The SACP’s Free State structures rejected a last-ditch bid by ANC provincial chairperson Ace Magashule to dissuade them from running in the by-election. Both parties confirmed that a meeting held last Friday to resolve the impasse had failed.
Explaining the reasons for the SACP’s discontent, its deputy provincial secretary, Mojalefa Simango, said the ANC failed to take “anyone seriously in the Free State”. “They did not have a clear line of engagement, except that they wanted to tell us not to contest, but they did not have a fundamental factual basis as to why we should not contest,” he said.
No political party won an outright majority in Metsimaholo in last year’s local government elections. The ANC won 19 seats, the Democratic Alliance 12, the Economic Freedom Fighters (EFF) eight, the Metsimaholo Community Association (MCA) two and the Freedom Front Plus one.

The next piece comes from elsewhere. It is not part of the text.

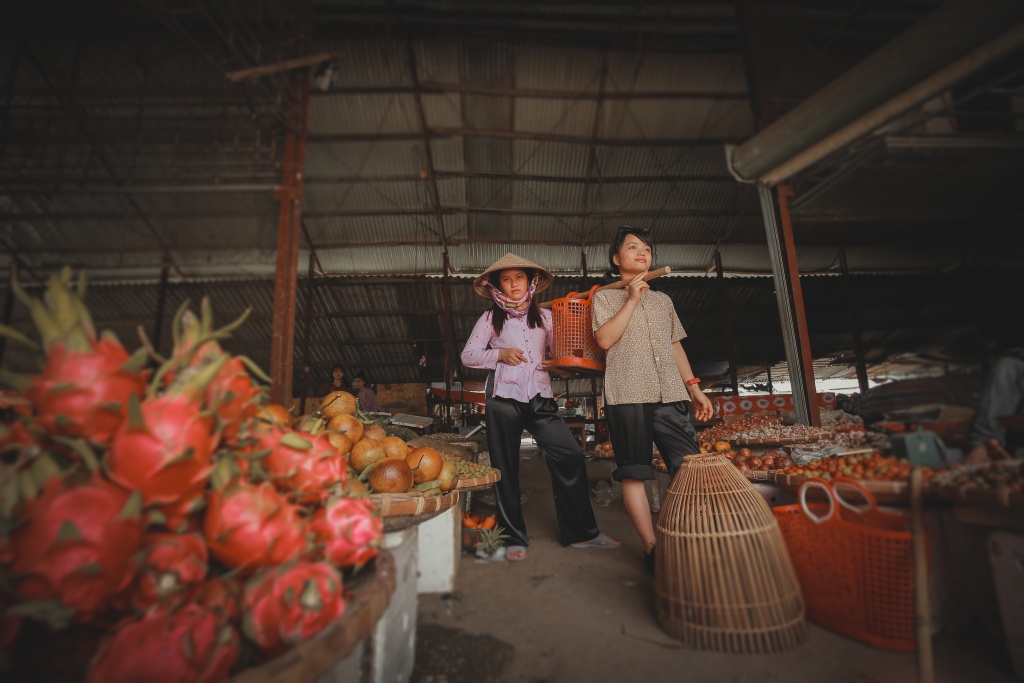 hoc sinh ha tinh chat lu trong bo anh ky yeu phien ban bui doi o cho que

The problems in the council were triggered by MCA mayor Sello Hlasa defecting to the ANC after appointing two ANC members to key positions in the council. The DA and the EFF vowed to remove Hlasa, which led to the collapse of the coalition council.
The provincial government subsequently dissolved the council, which failed to adopt a budget for the 2017-2018 financial year because of the intractable political differences.

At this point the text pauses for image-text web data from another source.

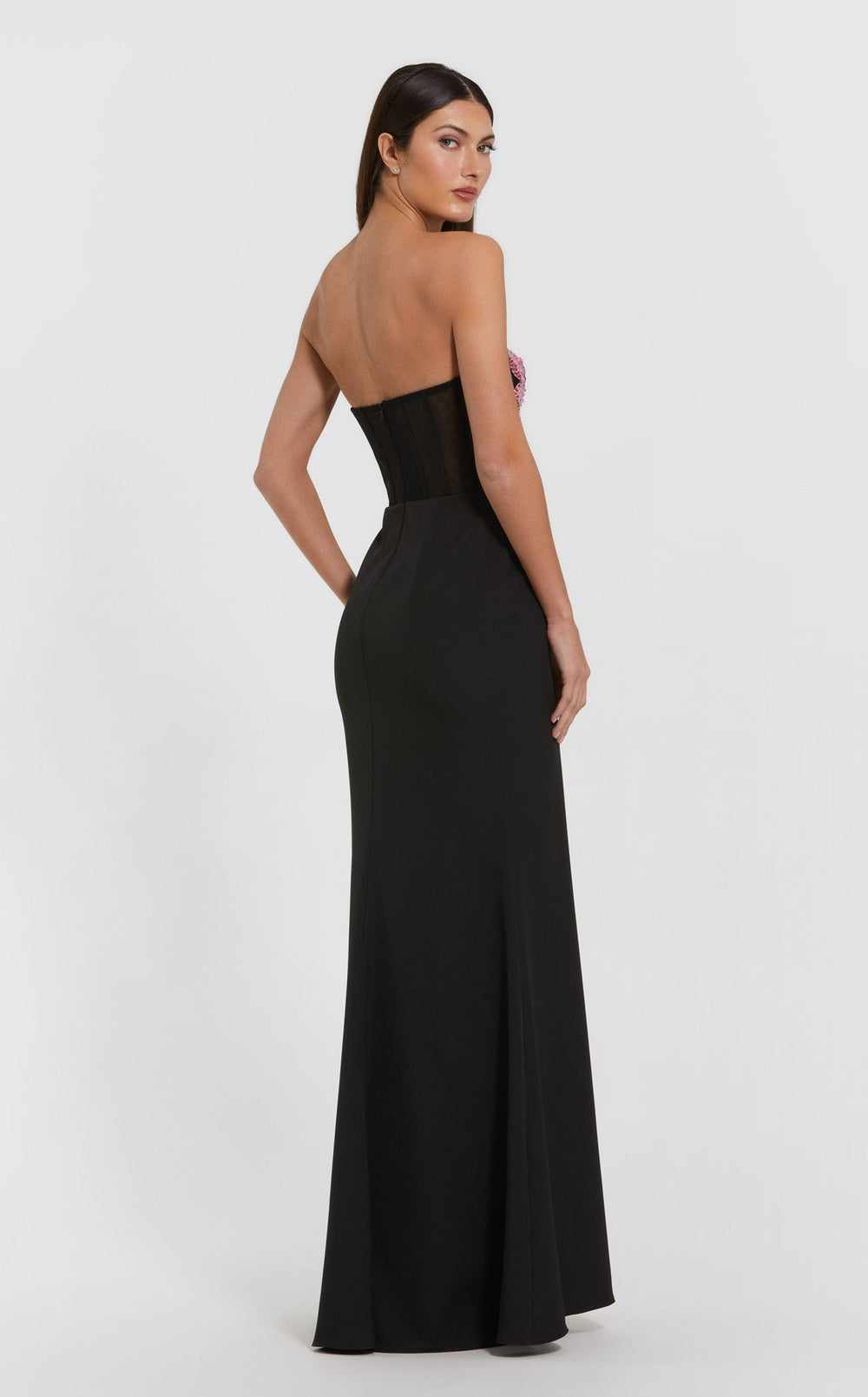 Exquisite Mac Duggal 20682 Dress detail view - VOLAKK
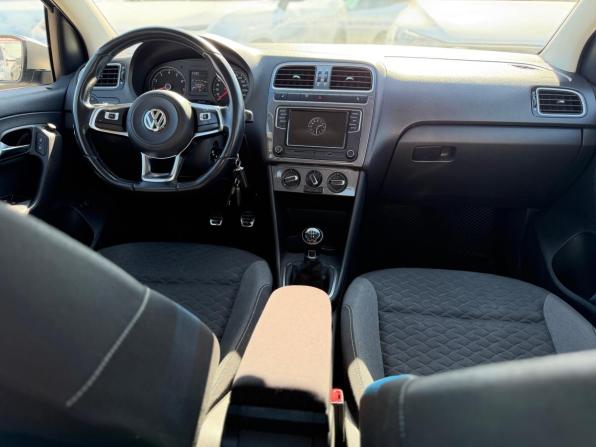 Volkswagen Polo V Рестайлинг с пробегом 2018 года, цена 999 000 рублей, 123400 км, седан, Автокод Объявления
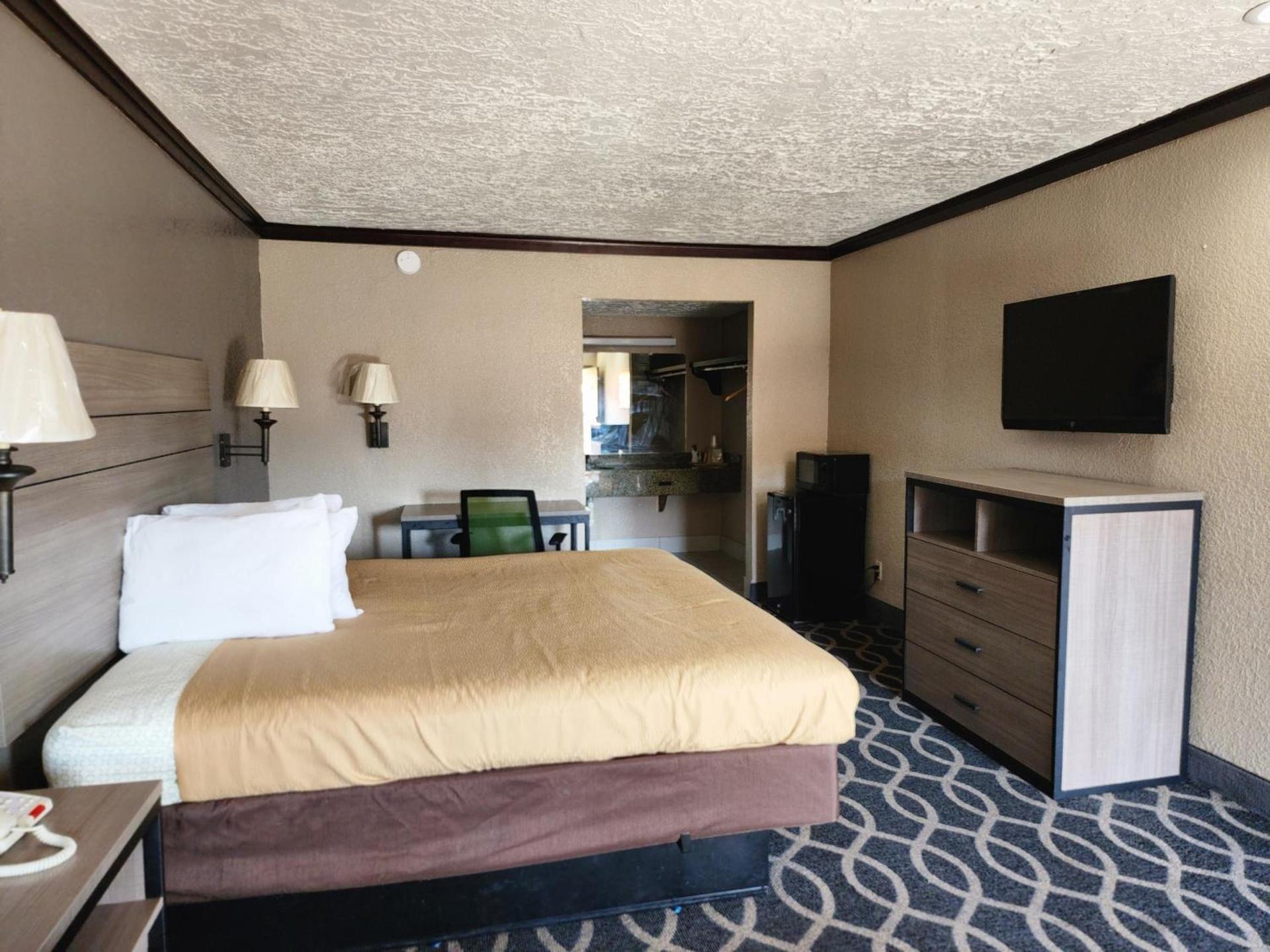 Executive inn photo 8
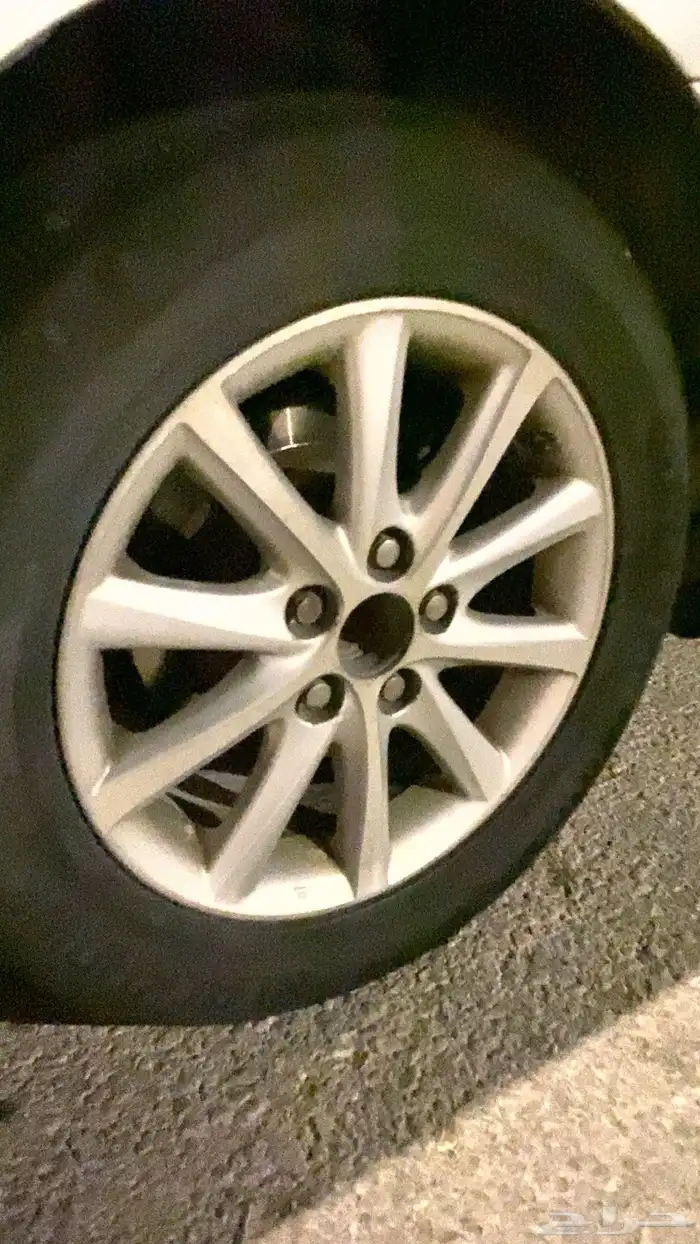 للبيع جنوط كامري2011 مقاس 16 فيهم حكات بصيطه 1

The SACP national leadership has endorsed the decision to contest the by-elections.
This follows a decision taken at its national congress in July, when the party’s 2012 resolution on state power was amended to include contesting elections outside of the tripartite alliance.
Simango said that, at Friday’s meeting Magashule made an impassioned plea for the communists to change their minds but his plea was too late.
“For the past 14 months, we have tried to have a bilateral meeting with the ANC in the province,” Simango said. “We tried to engage them. For more than a year, they have been unavailable to meet …
“The ANC has been invited to every activity of the SACP. They have not even had the decency to send apologies or respond or acknowledge receipt of the invitations.”
But the current conflict between the ANC and the SACP in the Free State predates the current crisis.
In June, the Free State SACP’s provincial conference resolved to formally cut ties with the ANC. An appeal by both parties to their national leaders also failed to restore the relationship.
ANC Free State spokesperson Thabo Meeko concedes the stand-off has reached the point of no return and the ANC is preparing to campaign against the SACP.
“It’s not going to be easy for the ANC to undertake an anti-communist party campaign run in Metsimaholo, but we’ll have to do what we have to do. It will have to be a competition, unfortunately. Elections are about numbers and you have got to mobilise and campaign for those numbers,” Meeko said.
The SACP’s decision could have far-reaching consequences elsewhere in government, he said.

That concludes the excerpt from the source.